▶ Brief: Working through the data below, reproduce word for word the line with "this 480×640 image." and every line after it, both ends included, and omit the pictures.

*** Data for review ***

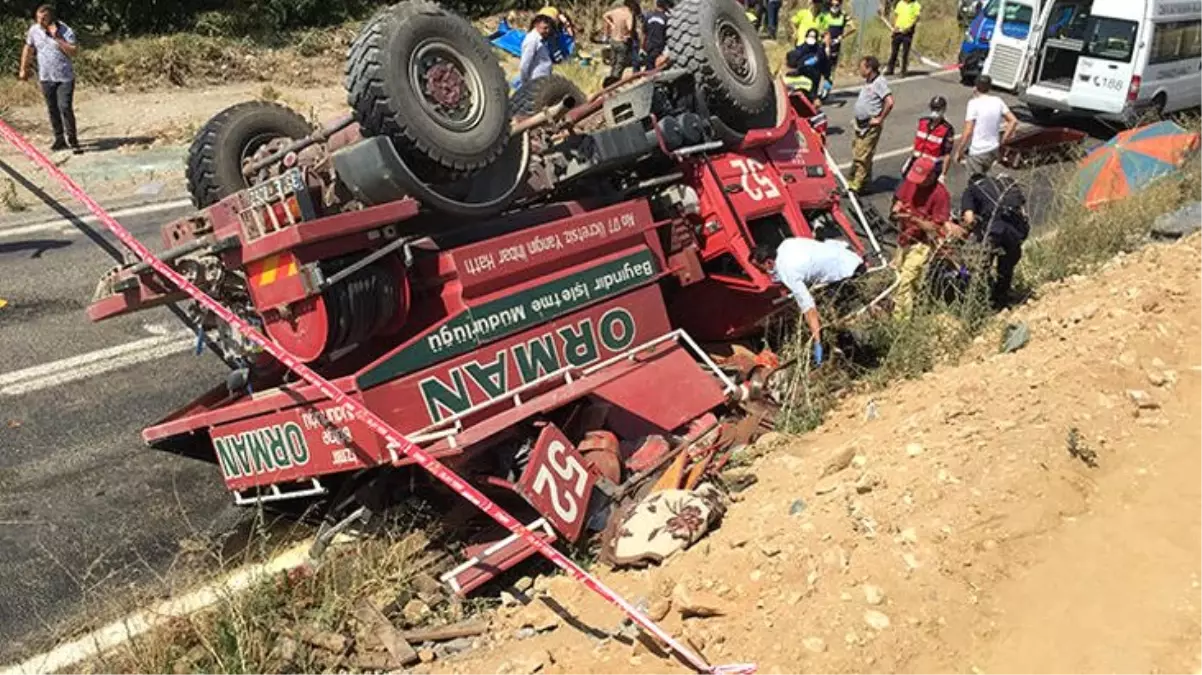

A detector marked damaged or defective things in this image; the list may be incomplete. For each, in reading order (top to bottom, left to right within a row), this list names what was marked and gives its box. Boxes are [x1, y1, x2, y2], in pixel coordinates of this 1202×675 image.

overturned red truck [84, 0, 880, 592]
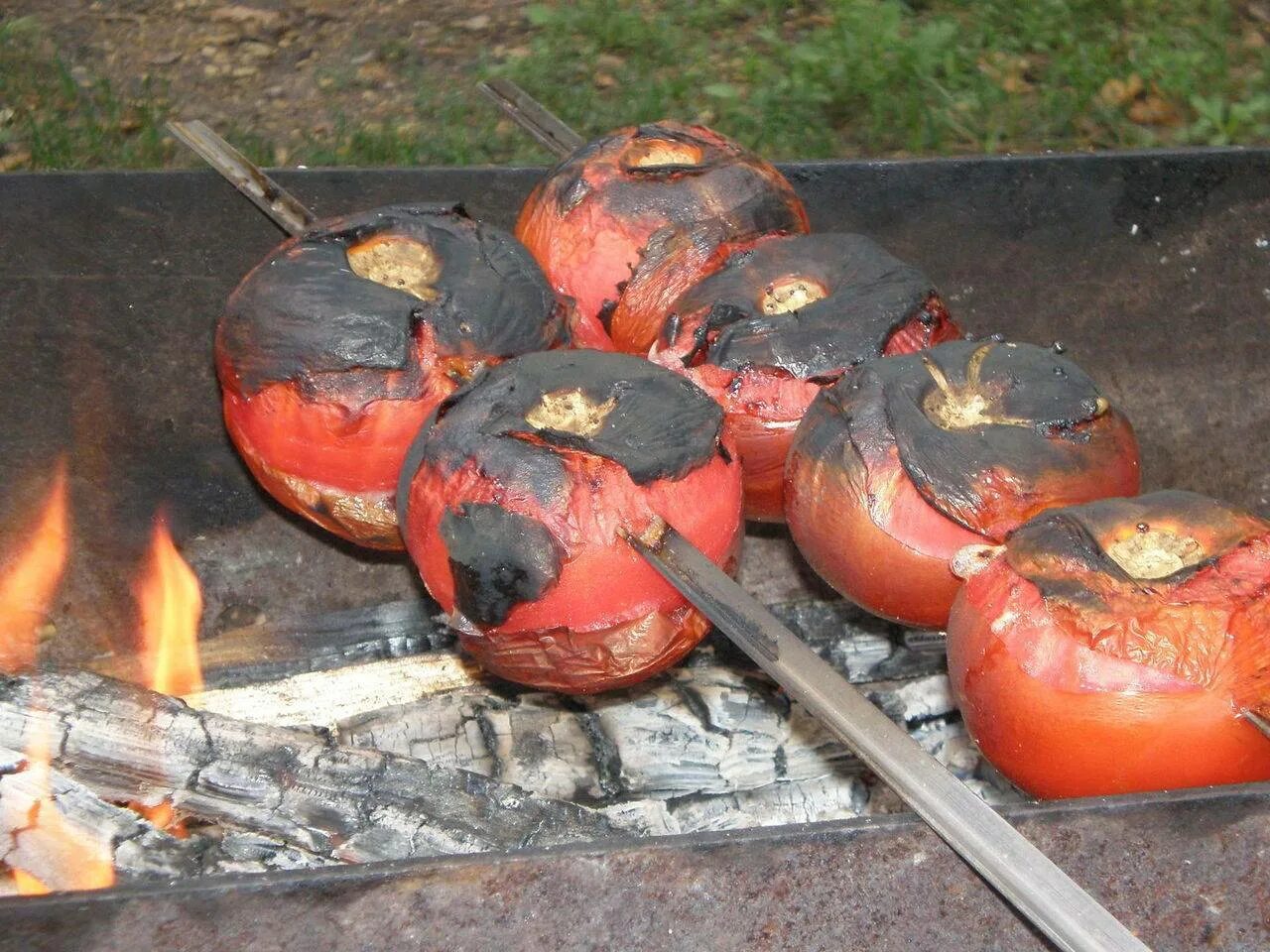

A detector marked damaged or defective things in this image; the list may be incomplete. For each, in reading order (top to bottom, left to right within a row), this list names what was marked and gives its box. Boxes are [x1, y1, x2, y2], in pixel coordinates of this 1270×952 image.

rusty metal surface [2, 153, 1270, 664]
rusty metal surface [0, 781, 1264, 952]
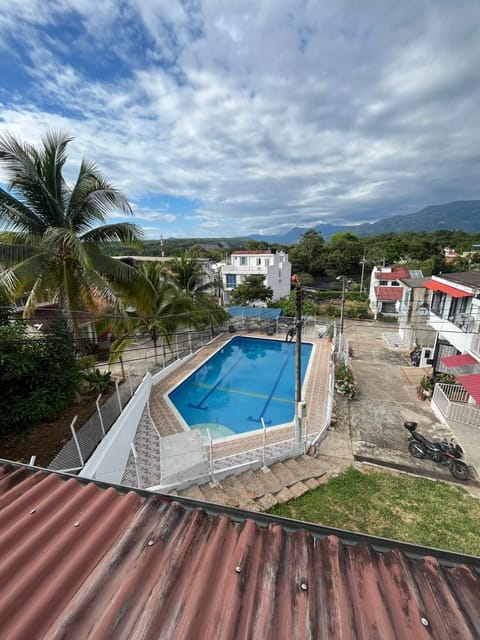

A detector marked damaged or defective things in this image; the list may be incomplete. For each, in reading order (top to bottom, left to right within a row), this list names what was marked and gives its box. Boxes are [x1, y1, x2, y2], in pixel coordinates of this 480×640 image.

rusty red roof panel [0, 460, 480, 640]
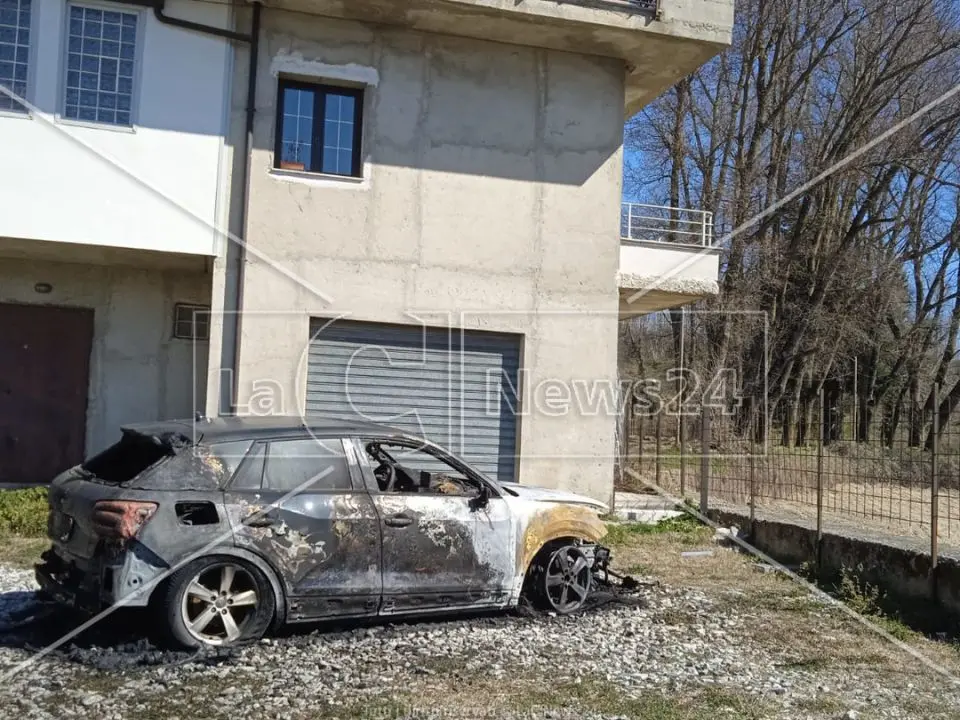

***

▶ The completed task:
A detector marked damaged or defective things in this image; the list may be incomplete. For each, in reading order (top to bottom, left to right within a row), this list names what was marked and gives its box. Boxes are [x1, y1, x2, y2], in pixel coordinates of this 480×640 image.

rusty red roof panel [0, 460, 480, 640]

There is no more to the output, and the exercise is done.